Although climatologically opposed to Austria, Morocco shares the European nation’s utter austerity in this film. The vast expanses of desert, punctuated only by lonely roads and rail lines, and rimmed by distant bluffs and mountains, create a sense of profound isolation as Bond and Swann close in on SPECTRE’s heart, its secrets, and its mastermind.
Complimenting this aesthetic which disquiets via its bleakness, is a palpably ominous sense of dread that manifests itself immediately—the sentence “The dead are alive” displayed across a black screen opens the film—and only relents in the waning frames.
The opening credits are dominated by a massive black octopus whose tentacles writhe around Bond and various other people and objects as Sam Smith’s dolorous threnody keens in the background. At one point the octopus’ head becomes a skull to produce an image straight out of nightmare-land.
The element of horror, immediately and thoroughly established, remains an idee fixe. A meeting of SPECTRE agents in Rome, which serves as the introduction of both the main villain (played by Christoph Waltz), and the obligatory henchman (played by Dave Batista), is utterly chilling, and the horror is augmented by an act of shocking violence perpetrated by henchman Hinx on an unsuspecting SPECTRE agent.

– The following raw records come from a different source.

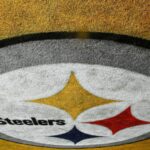 Um logotipo do Pittsburgh Steelers é visto pintado na end zone durante o Super Bowl XLIII em 1º de fevereiro de 2009, no Raymond James Stadium em Tampa, Flórida.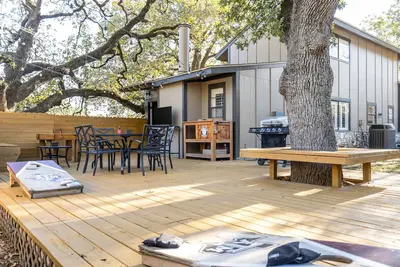 Image de 4 mi to Aggieland, Yard & Deck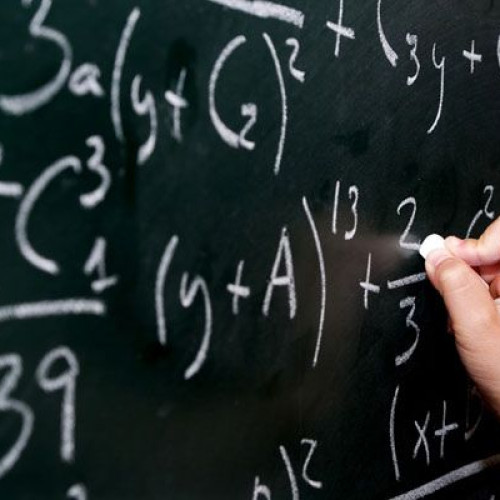 Concursul Național de Matematică Aplicată &quot;Adolf Haimovici&quot; are loc pe 8 martie 2025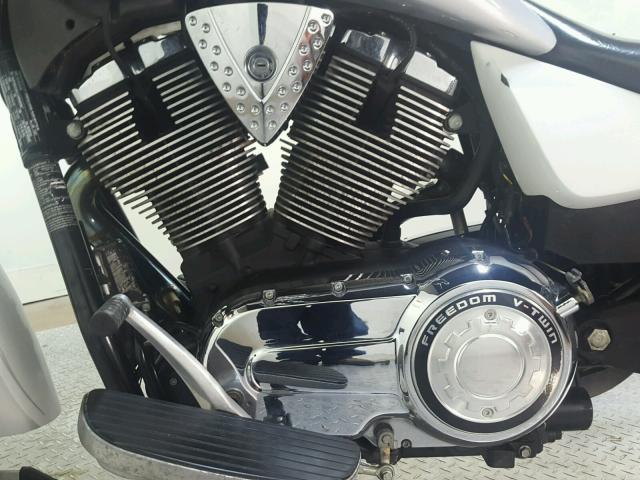 5VPCB36NXC3004069 - 2012 VICTORY MOTORCYCLES KINGPIN თეთრი ფოტო 11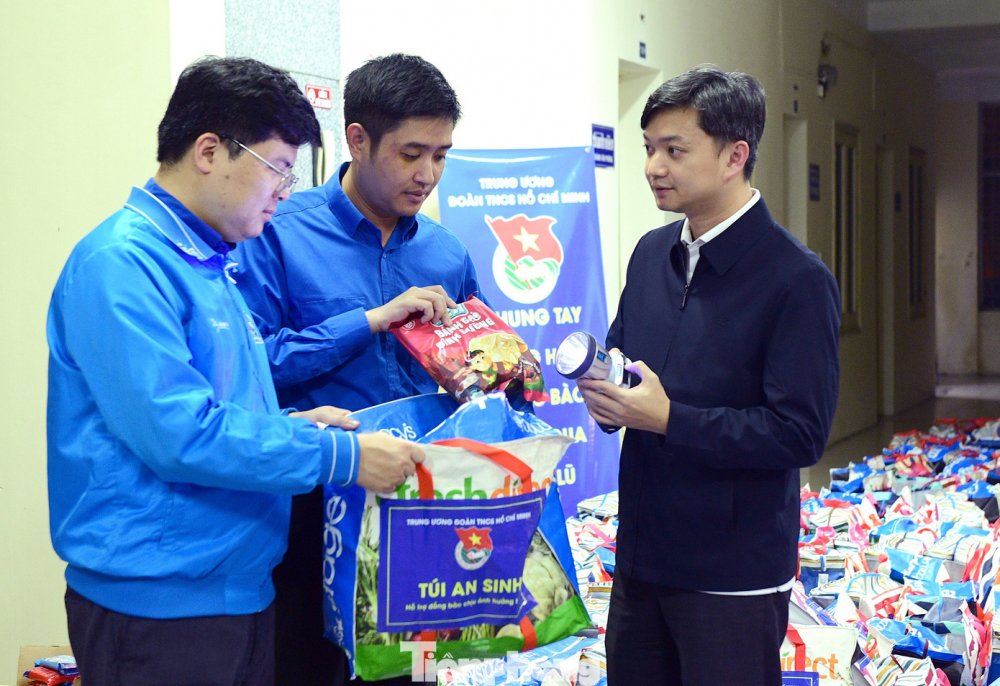 Trung ương Đoàn trao tặng 4.000 túi an sinh hỗ trợ đồng bào bị mưa lũ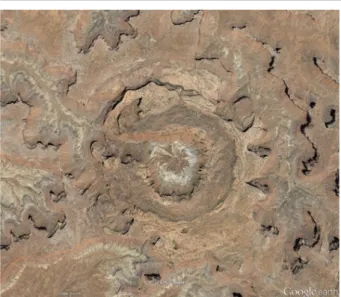 図 30  Second Overlook の断崖から Upheaval Dome の地形と 地質構造を観察。 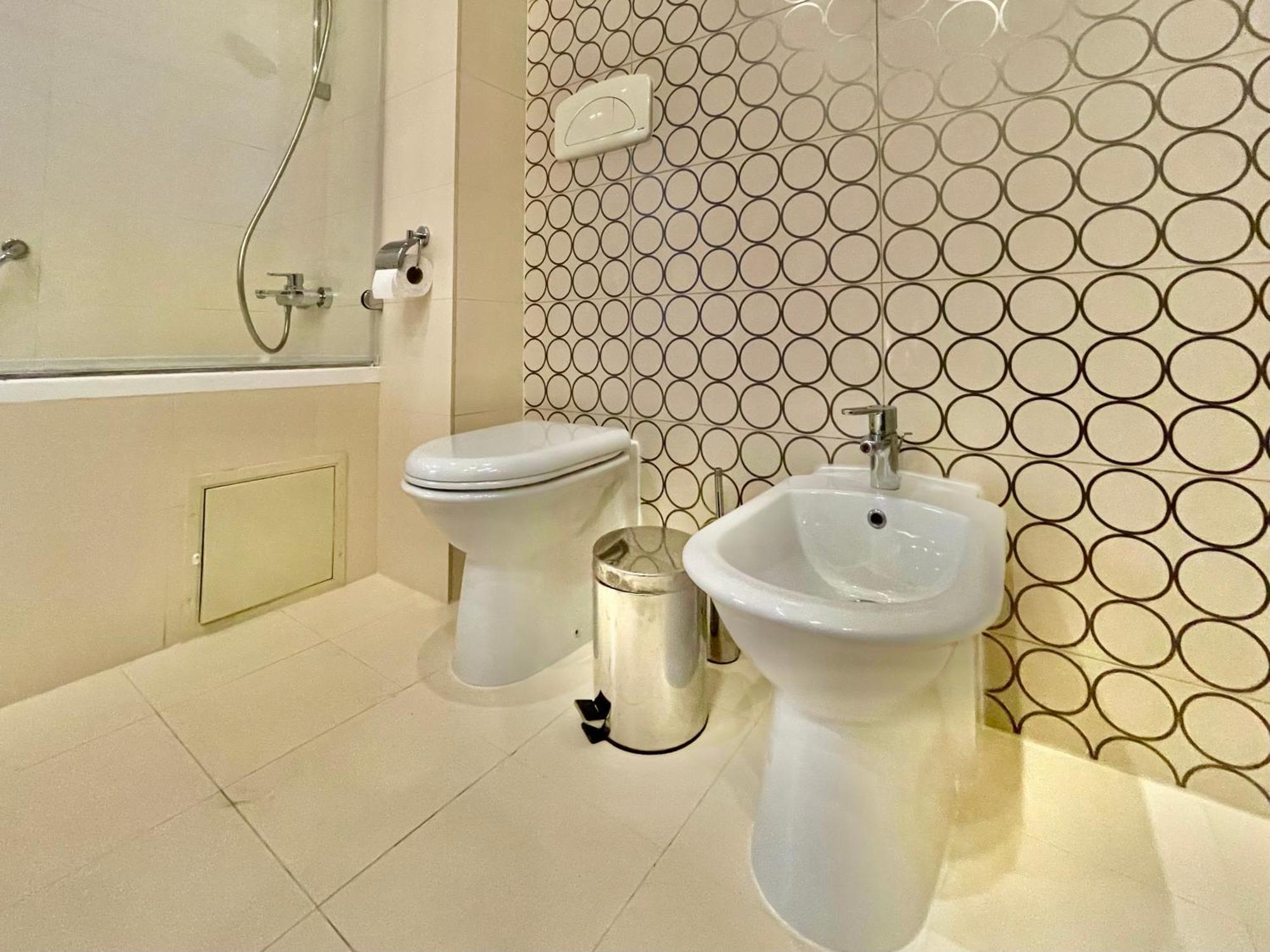 Royal With A Perfect View - Yamaluxe Bucharest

Batista’s Hinx, incidentally, is easily the most frightening henchman in all of Bond cinema. He is a hulking and malign Teddy bear with an exceedingly nasty disposition. Hinx’s elemental fearsomeness comes to the fore in a fight with Bond on a train in which Bond actually shows fear and the viewer too fears that Bond cannot cope with the behemoth. The danger Hinx presents to Bond is completely convincing, and that makes all the difference.
And speaking of elements, fire, the infernal element, is a pronounced trope in SPECTRE. While being chased by Hinx in Rome, Bond’s tricked out Aston Martin disgorges gouts of flame at the pursuing car. During the train fight, Bond hurls a burning oil lamp, which explodes upon impact with Hinx, but ultimately does not deter him. And more disturbing, at various points in the film, cities in flame, victims of SPECTRE, can be seen on television monitors. The frequent use of fire—as opposed to mere explosions—adds hellishness to the film’s already disquieting aesthetic kit.
In this vein, we would be remiss not to mention a torture scene in which SPECTRE’s leader subjects a seemingly helpless Bond to the ministrations of a dental drill. Warning: this sequence is not for the squeamish.
What this all adds up to is a Bond film which possesses all of the aesthetic polish and beauty that is a series hallmark, while also descending into bizarre and grisly horror. (Ian Fleming meets Edgar Allen Poe.) The result is a Bond film whose imagery impresses itself upon the viewer’s mind, and is not easily forgotten. And at the end of the day, that is what matters the most in this genre.